= Problem to solve =
All entries below need to be written out exactly, but without their pictures.

= Provided data =
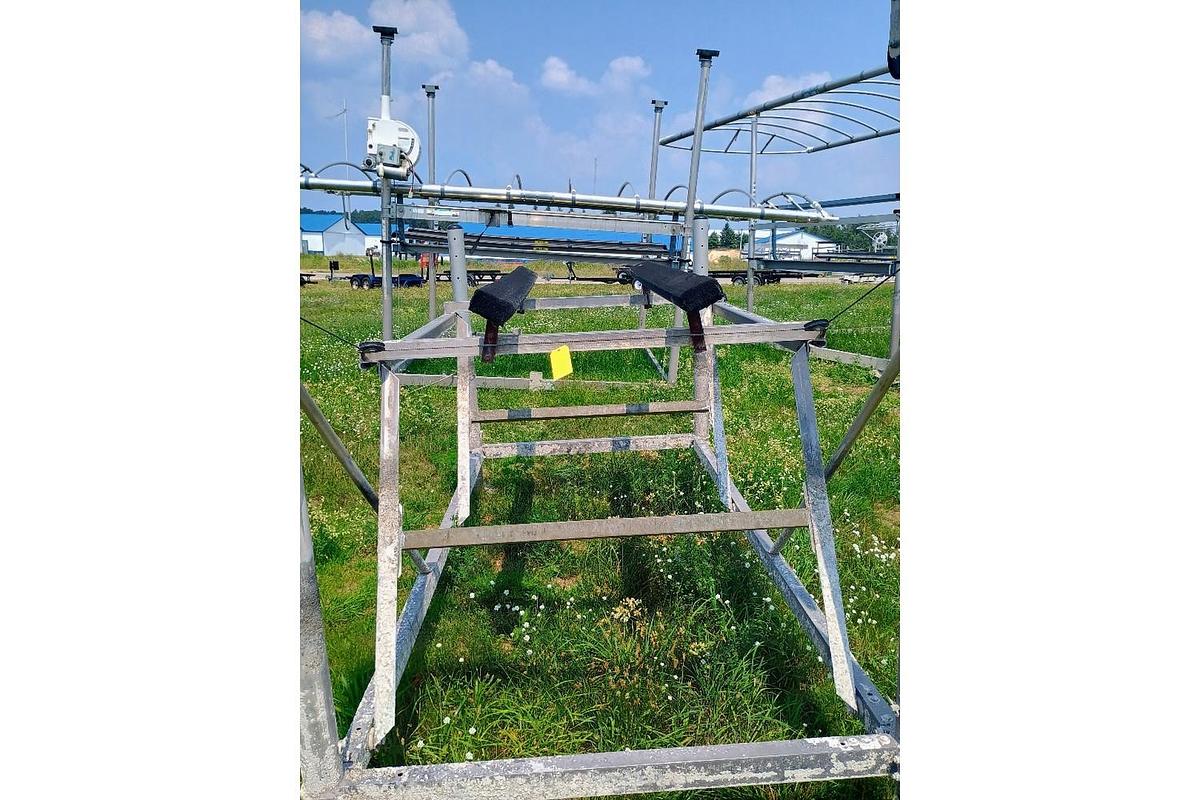 Used Shorestation SS851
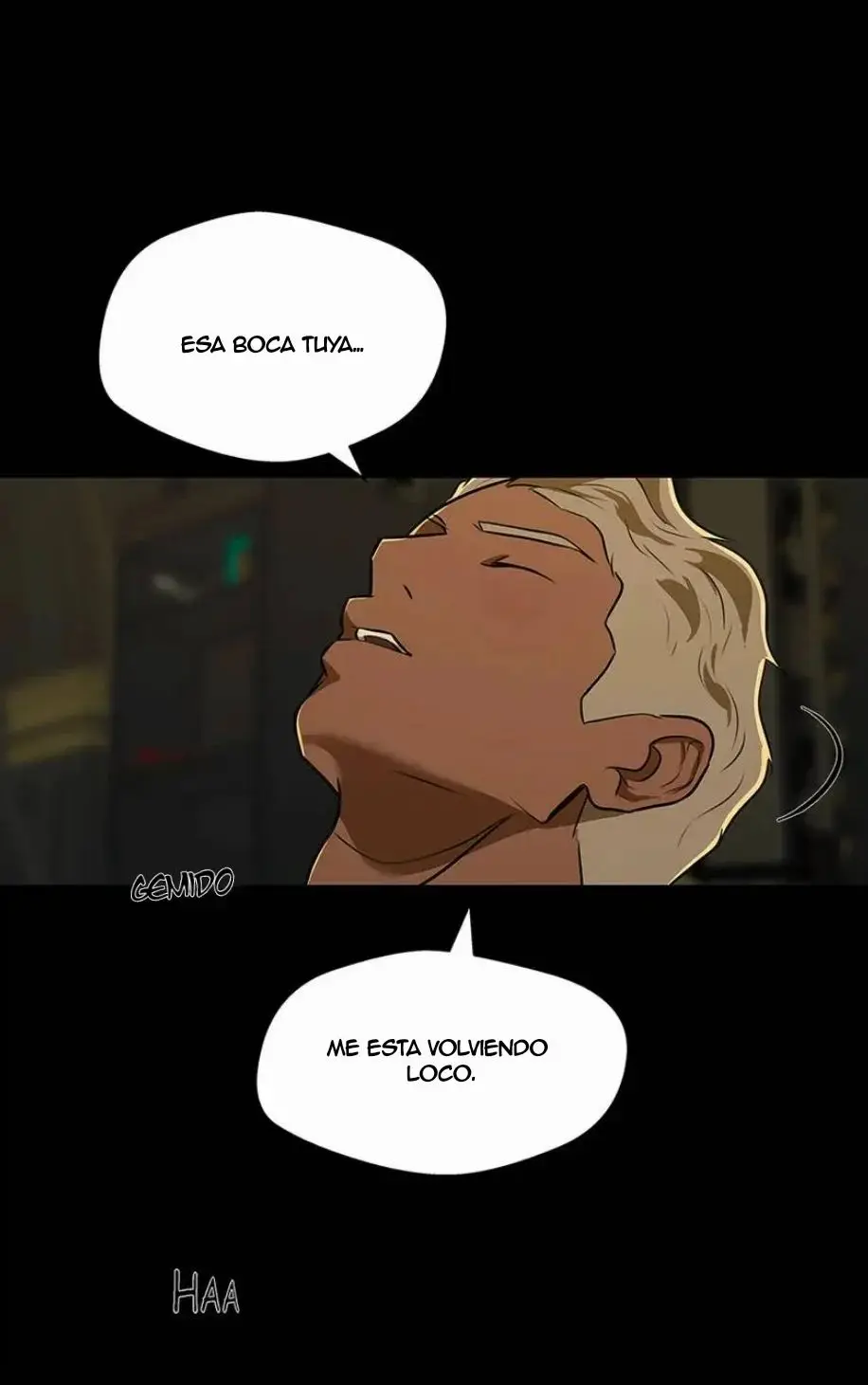 Love, Murder and Basketball (2021) - Capítulo 37 - Página 5 - LectorTMOo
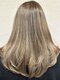 ヘアーサロン TLPの写真/【完全予約制】白髪はもう活かす時代に。大人の魅力を楽しんで頂きたい。白髪を目立ちにくいデザインに。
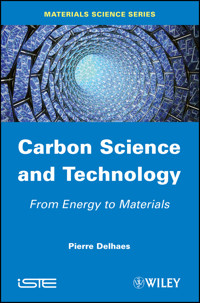Carbon Science and Technology - Pierre Delhaes - E-Book
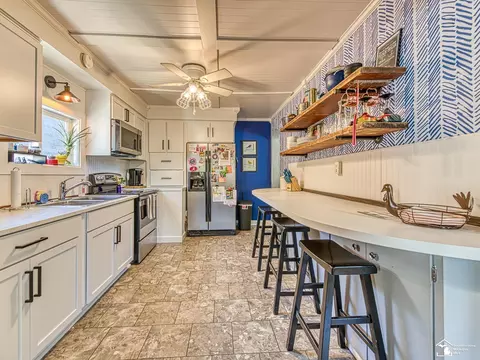 Kitchen - 139 N Macomb, Monroe, MI 48162 photo 2 of 2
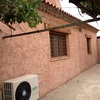 Colocación canaletas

= Result =
 Used Shorestation SS851
 Love, Murder and Basketball (2021) - Capítulo 37 - Página 5 - LectorTMOo
 ヘアーサロン TLPの写真/【完全予約制】白髪はもう活かす時代に。大人の魅力を楽しんで頂きたい。白髪を目立ちにくいデザインに。
Carbon Science and Technology - Pierre Delhaes - E-Book
 Kitchen - 139 N Macomb, Monroe, MI 48162 photo 2 of 2
 Colocación canaletas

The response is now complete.